The Message in the Bottle
Indeterminacy and Insight: Percy’s “Words-a-Pix” Method in “The Loss of the Creature”
Little kids often sit at their kitchen table, trying to connect the dots in the newspaper game section. They go from number to number, not knowing what the emerging picture will be until they reach the last one. As they slowly drag their pencil across the paper, connecting the last few dots, a masterpiece is revealed. Walker Percy’s “The Loss of the Creature” is his own Dot-a-Pix, except he intentionally leaves off the numbers. His essay is a group of random dots that he allows the reader to connect in any way they please. This gives each reader the sovereignty to create their own “masterpiece.” Percy does this intentionally. He does not explicitly pencil out his main claim because he wants each reader to interpret his paper through their own unique perspective. Even though the essay lacks a single sharpened thesis, it is nevertheless permeated by a constant theme: that of loss of sovereignty.
Percy masterfully composes his essay using a mixture of ambiguous, high-minded general statements, sometimes containing difficult vocabulary words with much more down-to-earth specific examples. This mix can become disorienting as it leaves the reader gasping for common threads of understanding that do not appear naturally. Only through repetitive reading, does the reader begin to see a common theme emerge. Percy does this on purpose. His examples are meant to provide illumination on his more general statements and aim to incite readers’ curiosity. That said, each example offers but a glimpse of the overall theme that we have lost the sovereignty over how we perceive the world around us. When offering different examples regarding individual sovereignty, he does not come across with a definitive point or statement. Instead, he decides to jump from point to point, leaving the reader to wonder where all these connecting dots lead to.This can be seen at the beginning of Percy’s essay when he mentions tourists visiting the Grand Canyon. He presents several situations, such as tourists who are members of organized tours, others who visit with family, and some who choose to go off the beaten track. In one particular example of the tourist from Boston, he asks “Has this man seen the Grand Canyon? Possibly he has. But it is more likely that what he has done is the one sure way not to see the Grand Canyon” (Percy 463). Here, Percy offers both viewpoints, leaving the reader wondering which of the two he truly supports. This type of ambiguous obfuscation is a rhetorical device he uses to provide contradictory, noncommittal views which forces the reader to formulate their own opinion. This, in turn, is Percy’s way to allow the reader to have individual sovereignty.

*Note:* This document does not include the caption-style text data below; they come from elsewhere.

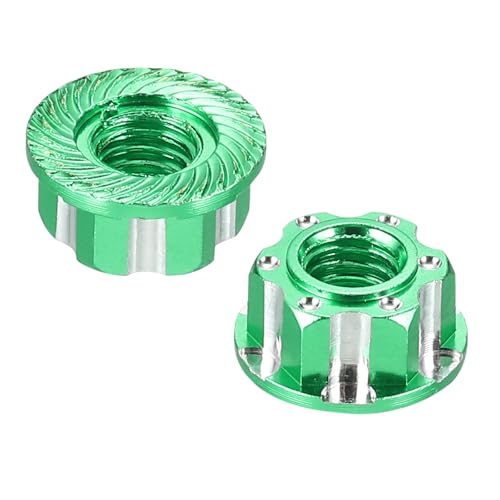 MECCANIXITY Hexagonal Nuts Aluminum M4 RC Wheel Carving Hex Nuts Dustproof Anti-Skid Mount Cap for 1/10 RC Model Car Trucks Off Road Car Upgraded Parts Pack of 2(Green) - color: Green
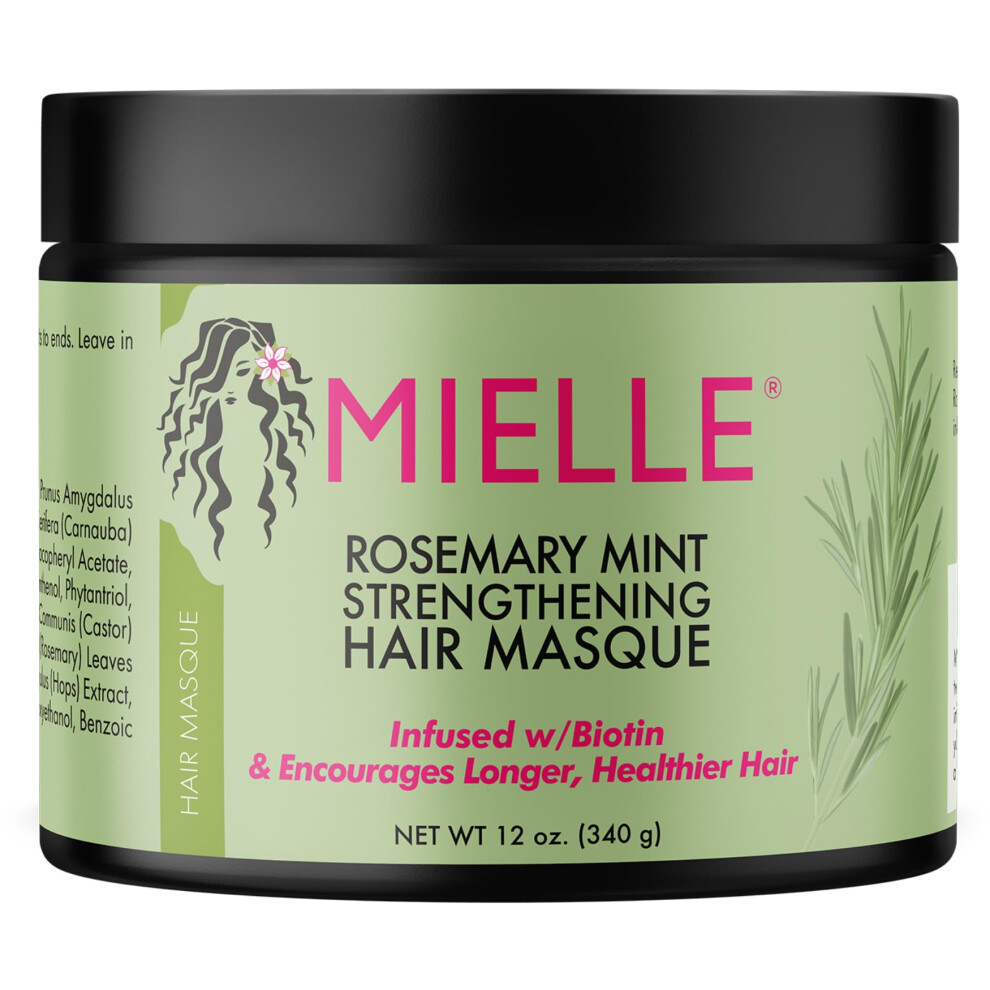Mielle Rosemary Mint Strengthening Hair Masque, Essential Oil & Biotin Deep Treatment, Miracle Repair for Dry, Damaged, & Frizzy Hair, 340 ml (Pack of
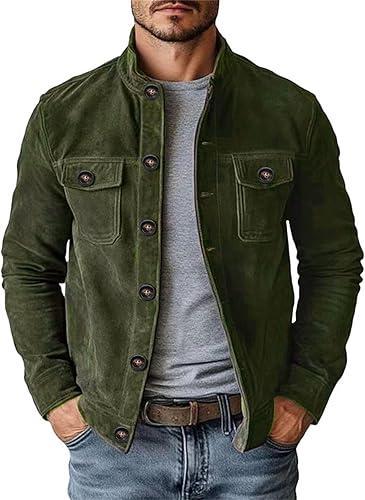 JOFOW Faux Suede Jackets for Men Casual Trendy Button Down Stand Collar Spring Cowboy Coats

Here is a second example Percy presents that uses yet another rhetorical device: a scene from a movie in which a girl hides in the bushes listening in on a record playing Beethoven. Right when we are led to believe that a concrete claim is about to be made, the author ends the story with yet another question: “What is the best way to hear Beethoven: sitting in a proper silence around the Capehart or eavesdropping from an azalea bush?” (Percy 473). Every other sentence leading up to that question insinuates that Percy believes that it is the girl with the more authentic, true experience. However, Percy again surprises by using a question that does not provide closure, but serves to stimulate the reader’s own intellectual assessment of the situation. It is Percy’s use of literary devices, such as in the examples above, that creates an ambiguous feel to the paper. Instead of stating his own opinion, Percy prefers questions that purposefully leave things open to interpretation. He does so to increase his reader’s sovereignty over his own paper. The contrast between the two examples is quite obvious. In the case of the tourists at the Grand Canyon, Percy offers many scenarios, each with its own question and answer, whereas the young girl’s example has a very short and straightforward story. It’s as if each of the Grand Canyon stories is its own sub-Dot-a-Pix, while the girl’s story contains only a couple of dots. The effect is the same in that none of them on their own reveal the big picture.

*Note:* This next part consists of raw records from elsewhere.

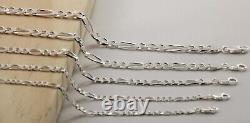 925 Sterling Silver Figaro Diamond Cut Chain Bracelet Necklace Men Women Jargod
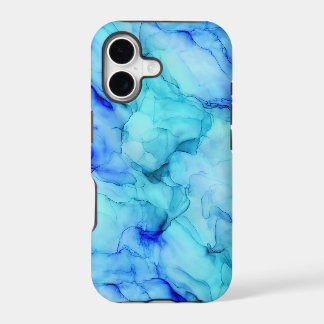 Turquoise Blue Alcohol Ink Marble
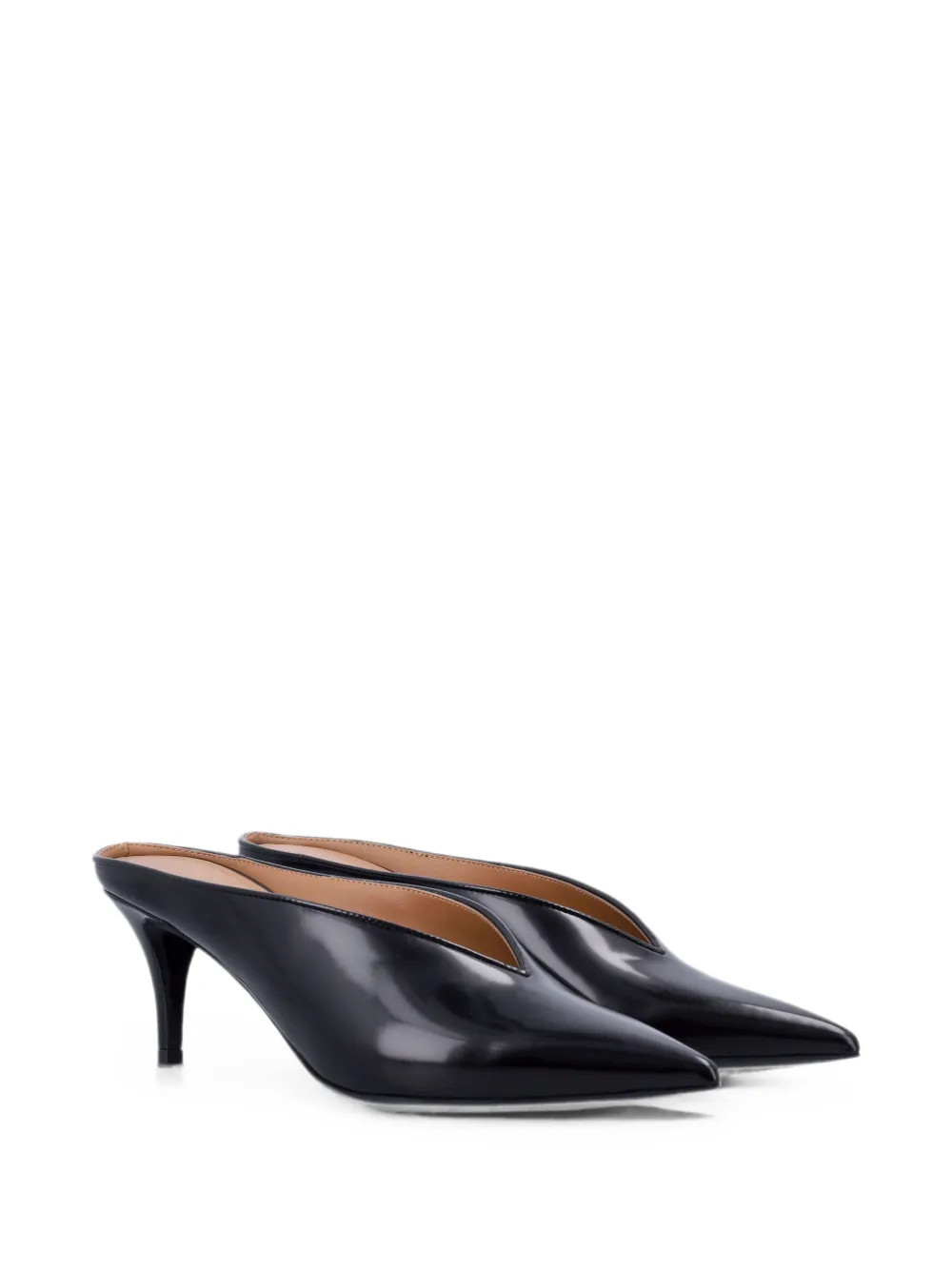 Stella McCartney pointed-toe V-cut mules Zwart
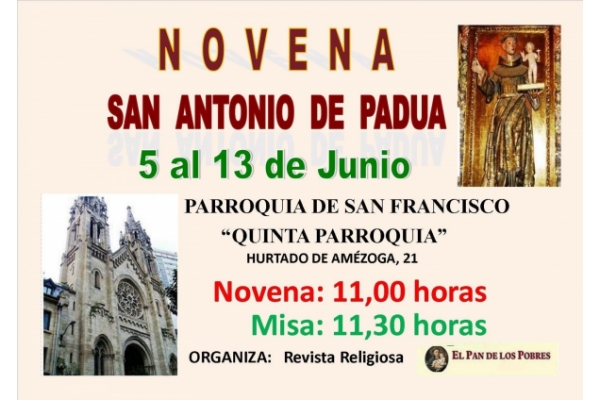 Novena a San Antonio de Padua. Del 5 al 13 de Junio. Parroquia de San Francisco. Quinta Parroquia, Bilbao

Percy presents examples and questions to the reader, rather than making definitive statements. This allows readers to ponder and formulate their own viewpoint. The paper’s lack of a definitive thesis, its ambiguous syntax, and the use of rhetorical questions as literary devices denote Percy’s effort to empower his readers so they become more sovereign. Each reader is allowed the freedom to pick whichever dots they choose, and to connect them accordingly so as to arrive at their own “big picture.” In this way, the final product of the essay, the masterpiece which is Percy’s claim, is one that is up to interpretation.